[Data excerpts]
-------------------------

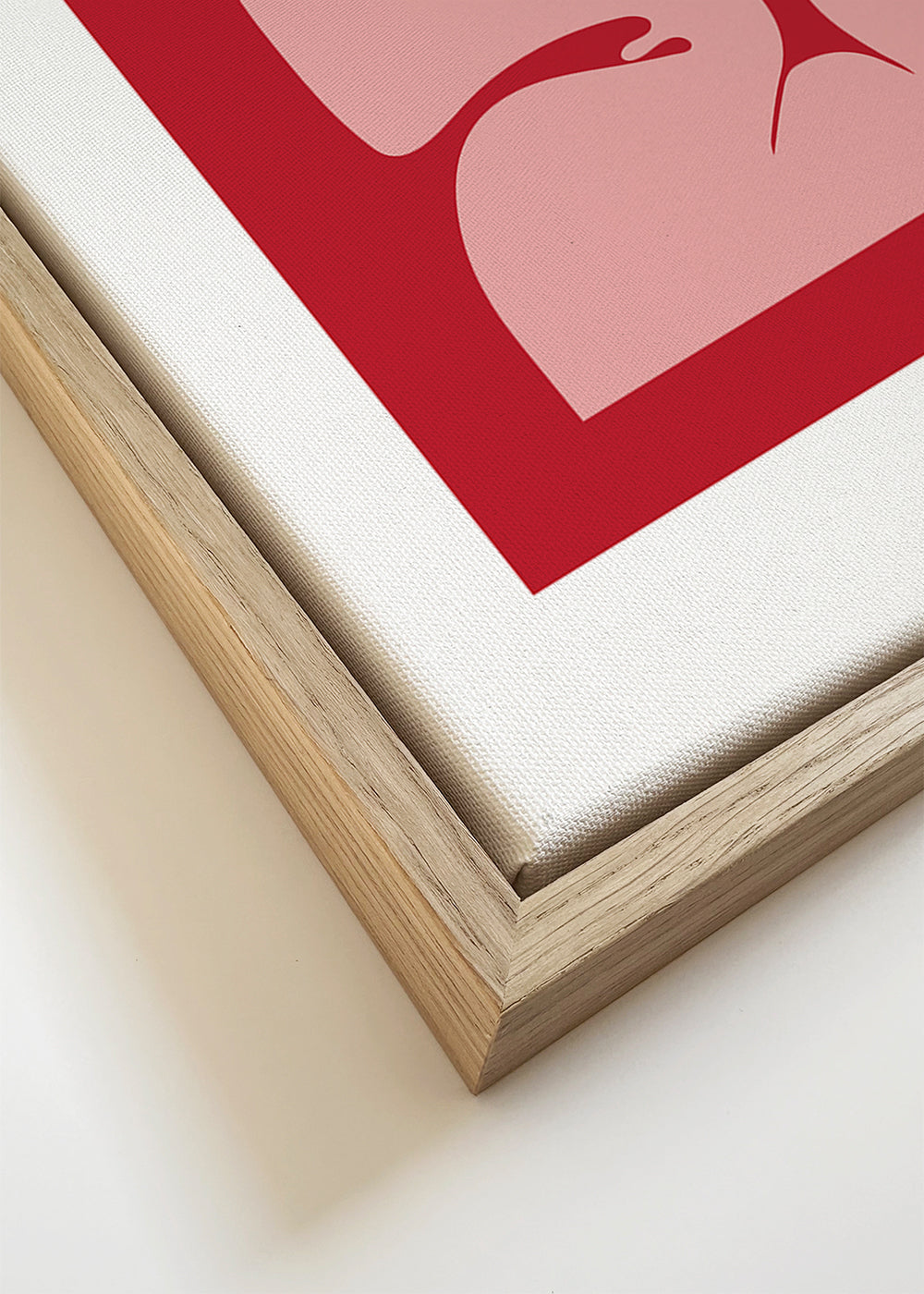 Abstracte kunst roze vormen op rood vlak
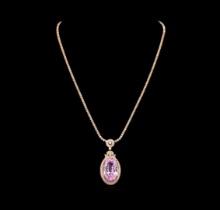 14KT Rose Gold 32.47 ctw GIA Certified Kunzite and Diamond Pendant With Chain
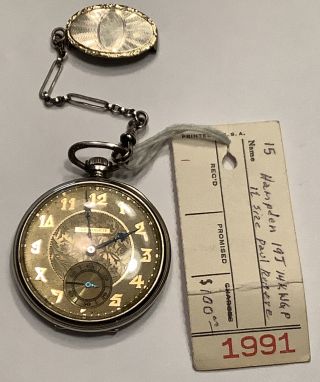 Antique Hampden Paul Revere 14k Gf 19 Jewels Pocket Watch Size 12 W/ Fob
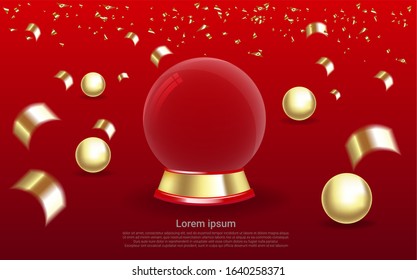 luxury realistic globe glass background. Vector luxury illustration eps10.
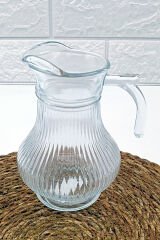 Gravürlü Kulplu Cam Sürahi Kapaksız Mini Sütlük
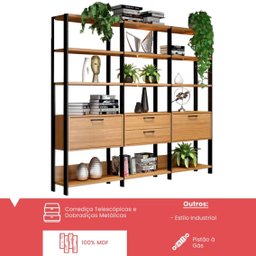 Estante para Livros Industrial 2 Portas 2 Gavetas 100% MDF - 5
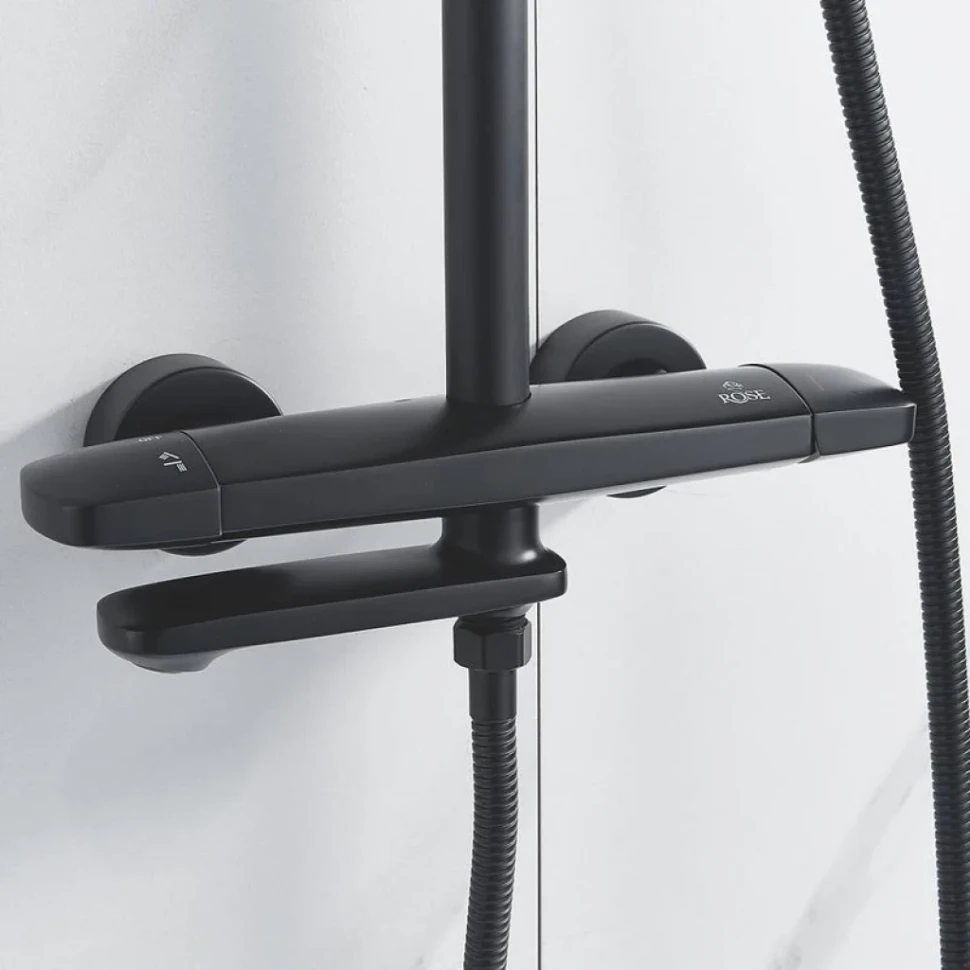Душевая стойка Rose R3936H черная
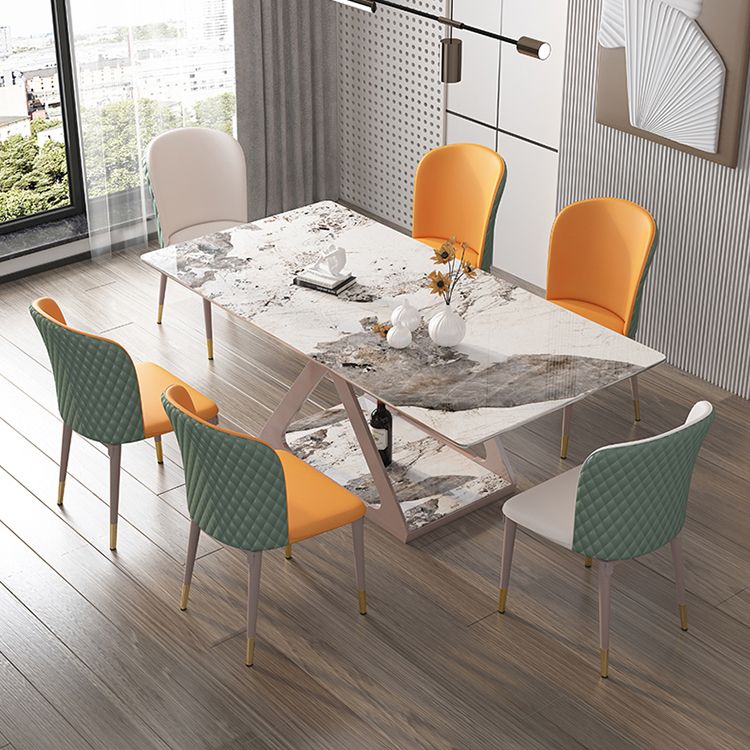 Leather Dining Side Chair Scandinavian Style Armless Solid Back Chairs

-------------------------

Pictures stay out of this copy. Retype exactly the lines from the one with "luxury realistic globe" through the last line of the data, both ends included, and nothing more.

 luxury realistic globe glass background. Vector luxury illustration eps10.
 Gravürlü Kulplu Cam Sürahi Kapaksız Mini Sütlük
 Estante para Livros Industrial 2 Portas 2 Gavetas 100% MDF - 5
Душевая стойка Rose R3936H черная
 Leather Dining Side Chair Scandinavian Style Armless Solid Back Chairs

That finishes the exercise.